:: Work item ::
No pictures belong in the copy. Retype exactly, and only, the stretch of lines below from the one with "冲上热搜！知名女演员的富豪丈夫，被限制高消费" through the one with "إصابة تُقعد الأكاديمي".

——

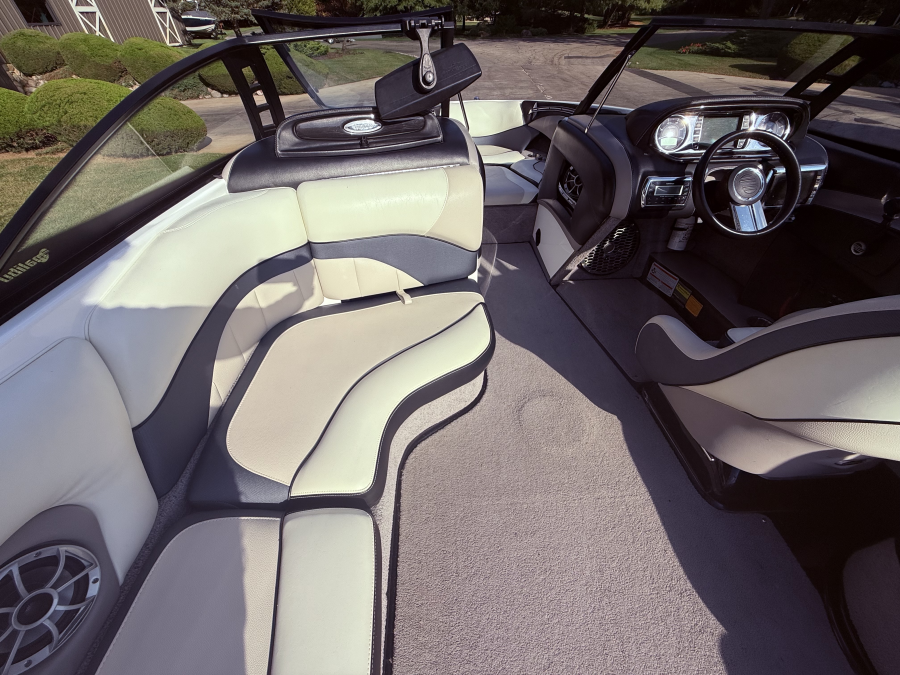 2013 Malibu Boats Wakesetter 23 LSV for sale in Fontana, Wisconsin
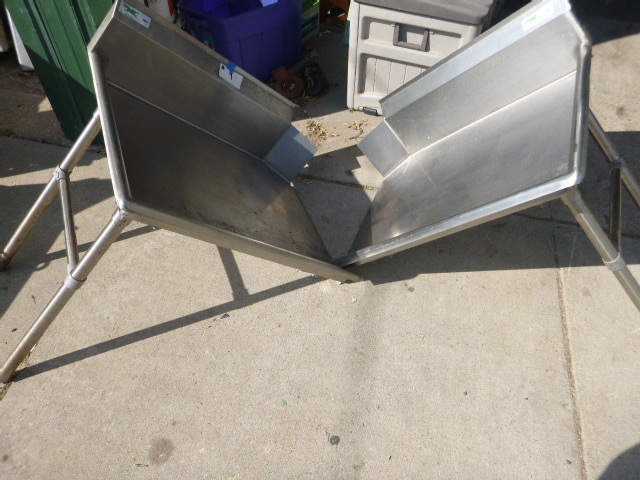 lot 9 image: 2 Counters to Attach to Sink or Dishwasher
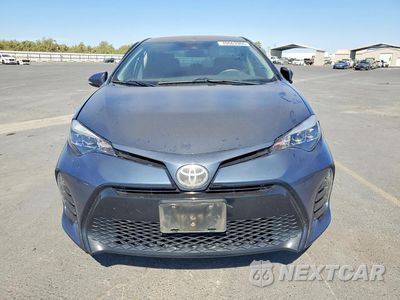 Piąte zdjęcie samochodu w środku: 2017 TOYOTA COROLLA SE VIN:5YFBURHE7HP659678 - miniatura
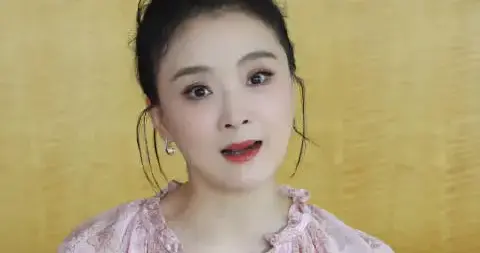 冲上热搜！知名女演员的富豪丈夫，被限制高消费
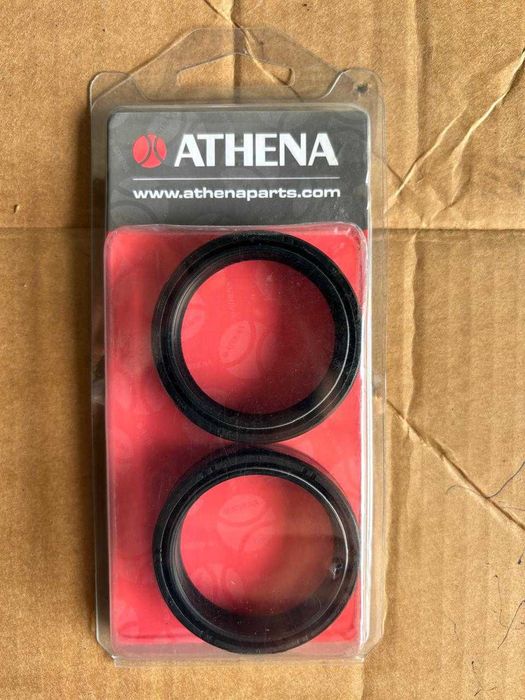 Сальники вилки Athena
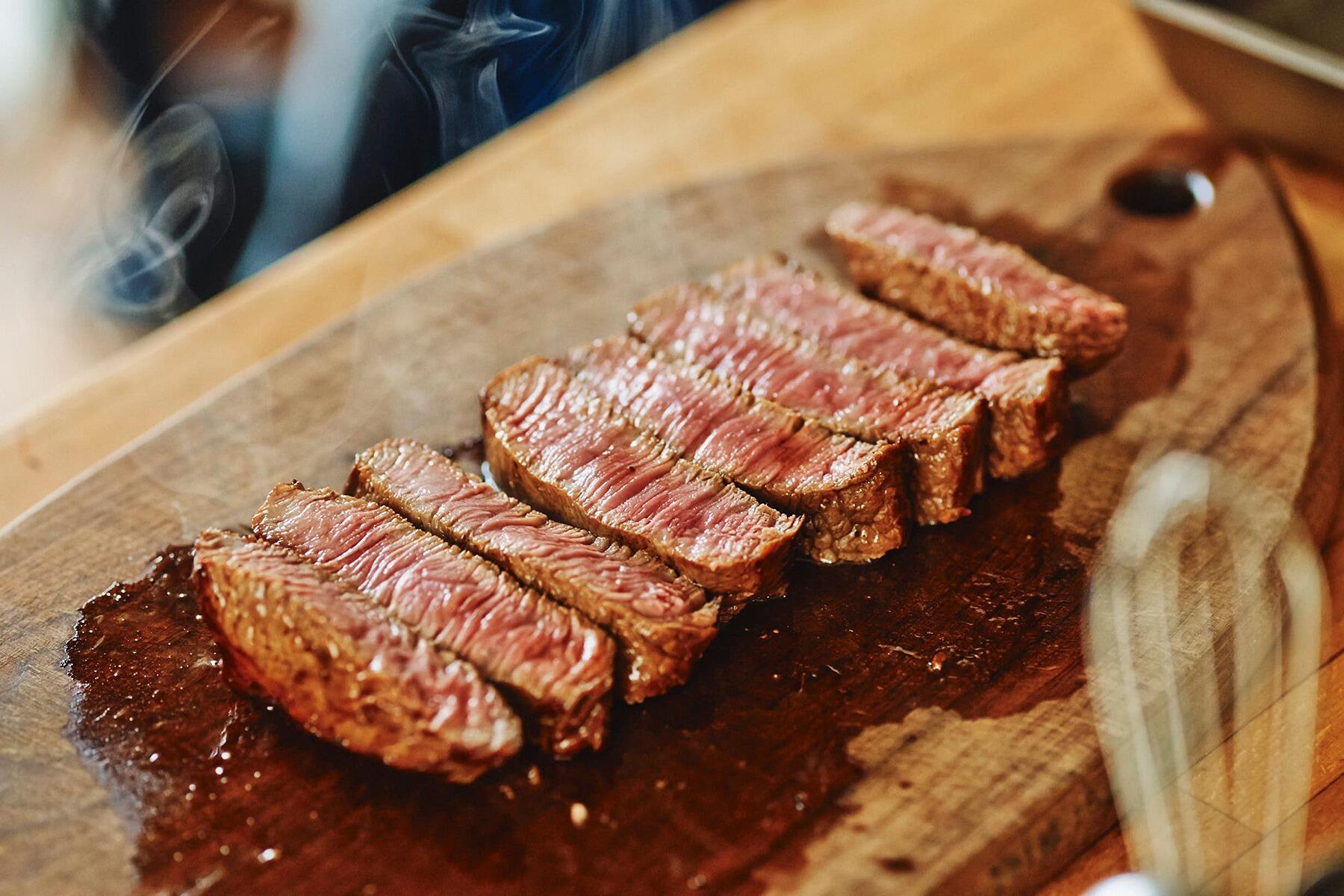 休ませてから切り分ける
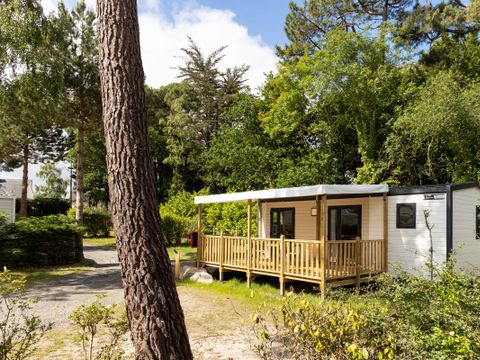 MOBILHOME 6 personnes - Premium 40m² (3 chambres) - 2 salles de bain + Terrasse + TV + lave-vaisselle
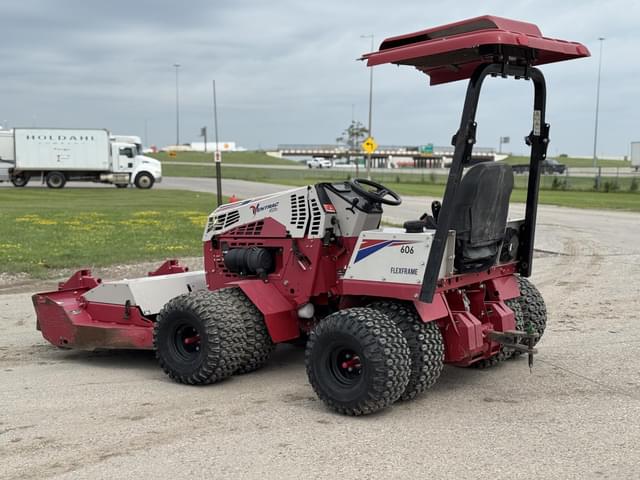 Image of Ventrac 4520Z equipment image 3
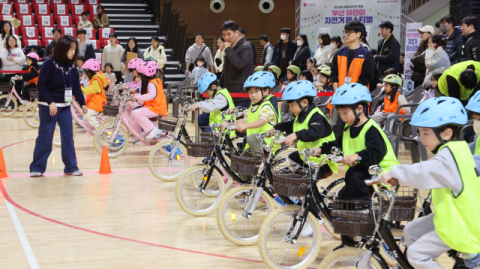 [포토뉴스] 세븐브릿지 투어 연계 ‘부산 어린이 자전거 페스티벌’ 개최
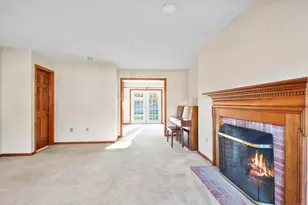 611 Ocean Ave, New London, CT 06320 - Photo 4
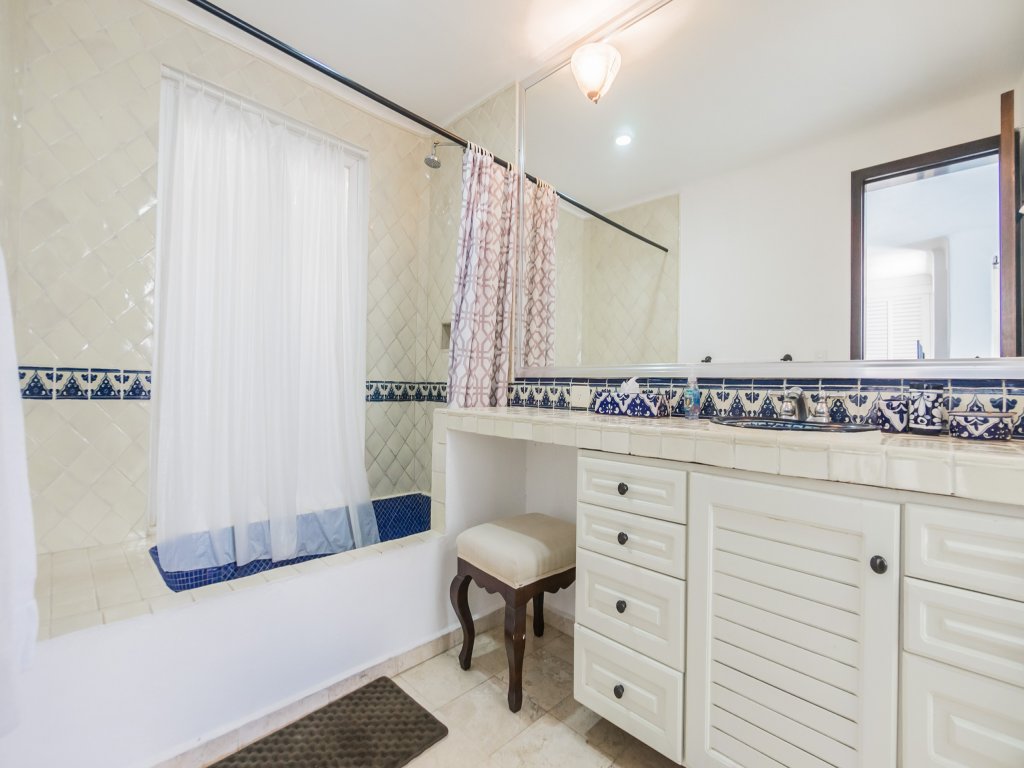 Royal Palms 5 Vacation Rental - RedAwning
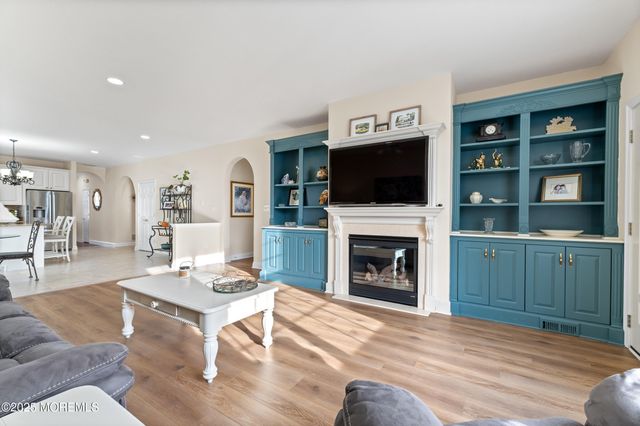 43 Marlow Drive, Jackson, NJ 08527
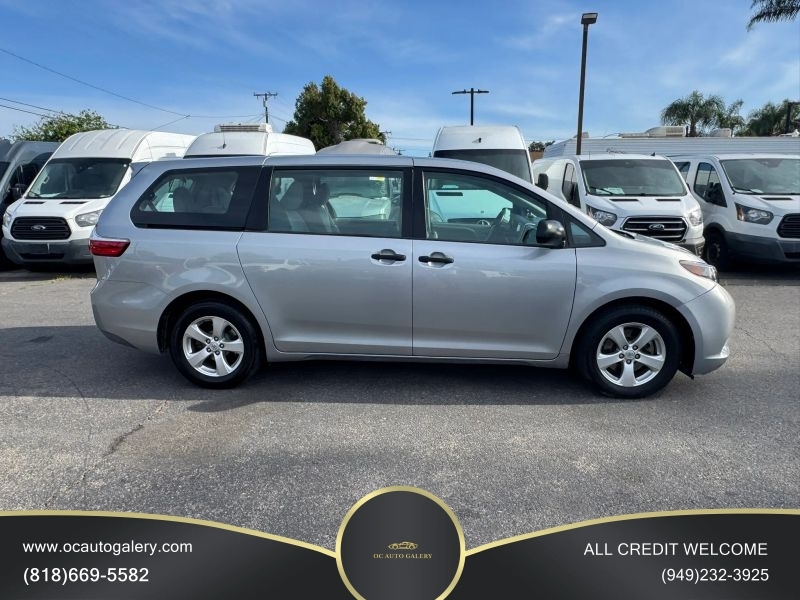 2017 Toyota Sienna L Minivan 4D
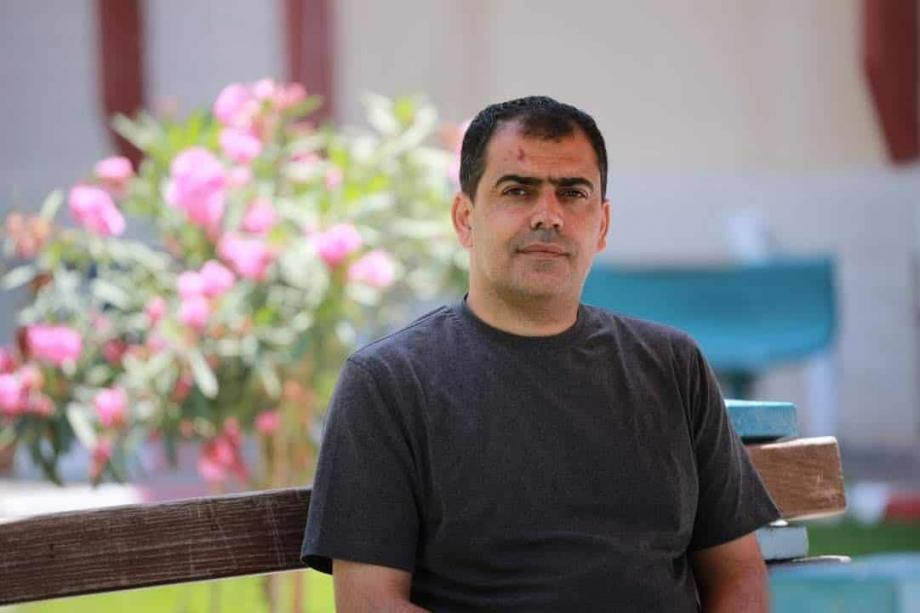 إصابة تُقعد الأكاديمي د. حسين سعد وتؤخر علاجه في غزة 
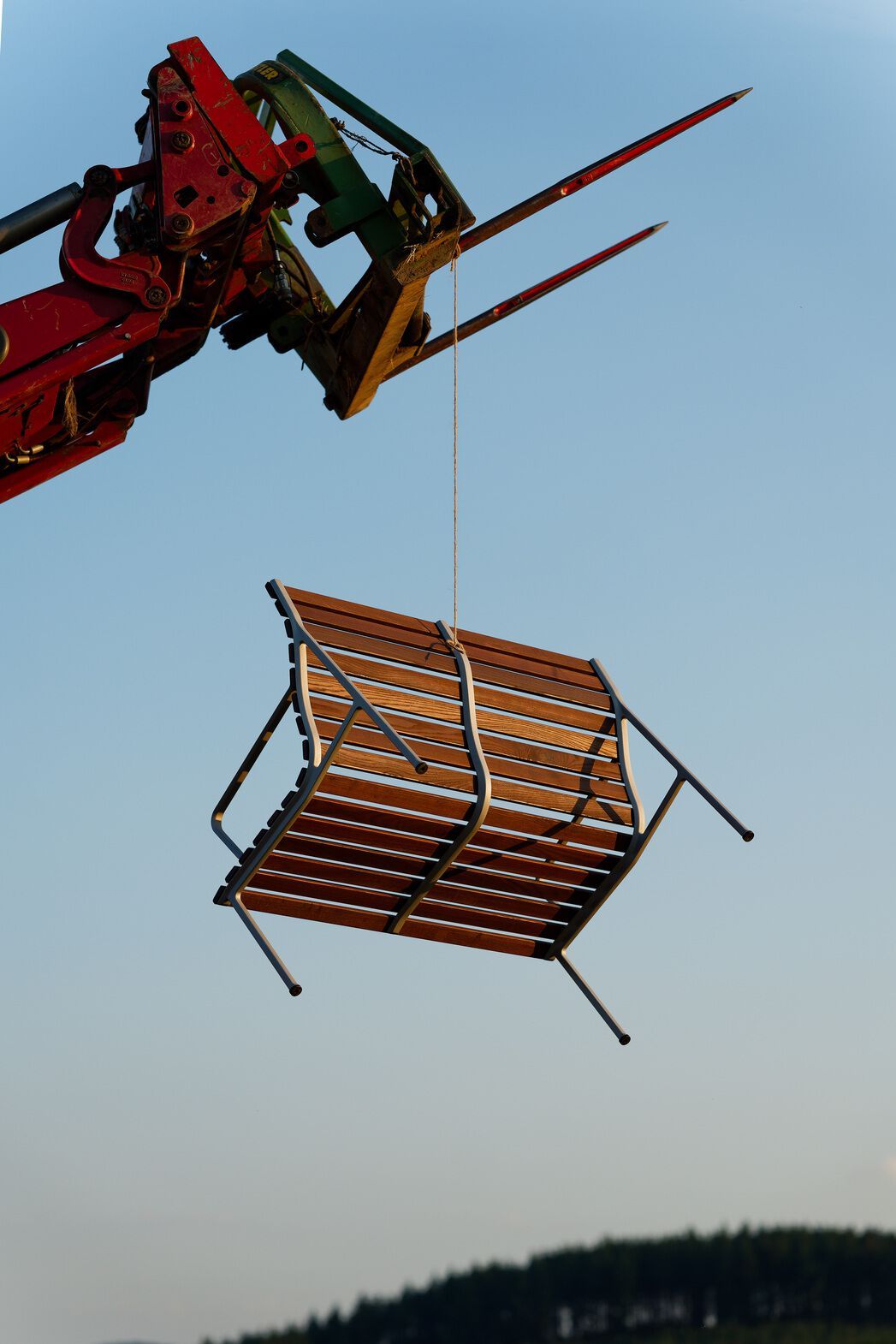 Садовая скамейка из ясеня с подлокотниками и спинкой Hay Траверс ARCH-00083375 - Вид №7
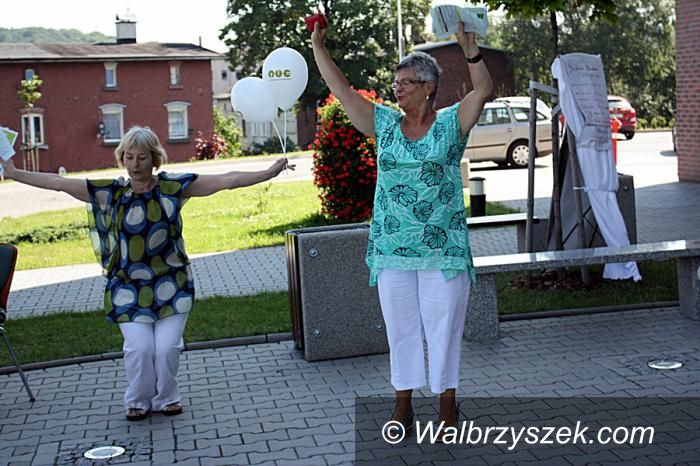 Wałbrzych: Seniorzy zatańczą przed ZUS–em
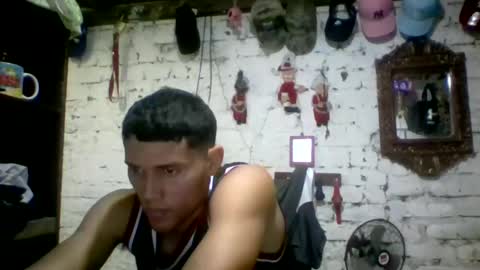 Snapshot of juandavid7261913970 chatting on November 2025 01:07:02 AM juandavid7261913970 online show from November 2025 01:07:02 AM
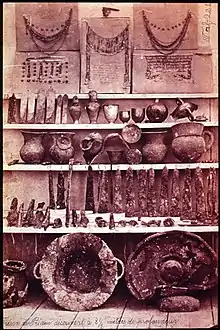 El llamado tesoro de Príamo, descubierto por Schliemann en su excavación de Troya.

——

:: Task answer ::
 冲上热搜！知名女演员的富豪丈夫，被限制高消费
 Сальники вилки Athena
 休ませてから切り分ける
 MOBILHOME 6 personnes - Premium 40m² (3 chambres) - 2 salles de bain + Terrasse + TV + lave-vaisselle
 Image of Ventrac 4520Z equipment image 3
 [포토뉴스] 세븐브릿지 투어 연계 ‘부산 어린이 자전거 페스티벌’ 개최
 611 Ocean Ave, New London, CT 06320 - Photo 4
 Royal Palms 5 Vacation Rental - RedAwning
 43 Marlow Drive, Jackson, NJ 08527
 2017 Toyota Sienna L Minivan 4D
 إصابة تُقعد الأكاديمي د. حسين سعد وتؤخر علاجه في غزة 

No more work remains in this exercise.